* Problem to solve *
Every line from the one holding "The Brand of Silence 표지 이미지" through the final line of the entries is to be reproduced exactly, and no other line.

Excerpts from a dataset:
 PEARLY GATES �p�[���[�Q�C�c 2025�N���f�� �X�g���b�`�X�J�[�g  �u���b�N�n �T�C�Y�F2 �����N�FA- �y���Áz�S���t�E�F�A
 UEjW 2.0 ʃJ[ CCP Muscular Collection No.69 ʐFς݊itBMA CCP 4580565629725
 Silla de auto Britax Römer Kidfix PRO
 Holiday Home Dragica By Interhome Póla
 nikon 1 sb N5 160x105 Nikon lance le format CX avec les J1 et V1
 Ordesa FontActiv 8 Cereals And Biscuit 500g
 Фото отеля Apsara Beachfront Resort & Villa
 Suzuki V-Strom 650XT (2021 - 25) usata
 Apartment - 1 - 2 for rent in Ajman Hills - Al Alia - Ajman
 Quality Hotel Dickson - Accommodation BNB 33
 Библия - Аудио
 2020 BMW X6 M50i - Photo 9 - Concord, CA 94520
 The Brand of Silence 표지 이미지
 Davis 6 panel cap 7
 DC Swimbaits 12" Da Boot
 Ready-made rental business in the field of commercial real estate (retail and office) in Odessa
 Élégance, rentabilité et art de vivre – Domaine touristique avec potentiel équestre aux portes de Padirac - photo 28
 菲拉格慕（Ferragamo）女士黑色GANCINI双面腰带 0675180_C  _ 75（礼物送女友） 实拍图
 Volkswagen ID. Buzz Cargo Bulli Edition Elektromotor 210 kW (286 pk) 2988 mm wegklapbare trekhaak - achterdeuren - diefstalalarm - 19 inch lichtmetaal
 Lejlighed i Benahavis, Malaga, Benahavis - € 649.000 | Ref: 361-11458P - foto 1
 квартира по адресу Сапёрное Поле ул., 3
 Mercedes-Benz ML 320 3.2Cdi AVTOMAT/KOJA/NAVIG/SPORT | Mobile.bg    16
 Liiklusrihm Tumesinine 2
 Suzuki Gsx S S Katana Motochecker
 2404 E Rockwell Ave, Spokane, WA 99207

* Output for this task *
 The Brand of Silence 표지 이미지
 Davis 6 panel cap 7
 DC Swimbaits 12" Da Boot
 Ready-made rental business in the field of commercial real estate (retail and office) in Odessa
 Élégance, rentabilité et art de vivre – Domaine touristique avec potentiel équestre aux portes de Padirac - photo 28
 菲拉格慕（Ferragamo）女士黑色GANCINI双面腰带 0675180_C  _ 75（礼物送女友） 实拍图
 Volkswagen ID. Buzz Cargo Bulli Edition Elektromotor 210 kW (286 pk) 2988 mm wegklapbare trekhaak - achterdeuren - diefstalalarm - 19 inch lichtmetaal
 Lejlighed i Benahavis, Malaga, Benahavis - € 649.000 | Ref: 361-11458P - foto 1
 квартира по адресу Сапёрное Поле ул., 3
 Mercedes-Benz ML 320 3.2Cdi AVTOMAT/KOJA/NAVIG/SPORT | Mobile.bg    16
 Liiklusrihm Tumesinine 2
 Suzuki Gsx S S Katana Motochecker
 2404 E Rockwell Ave, Spokane, WA 99207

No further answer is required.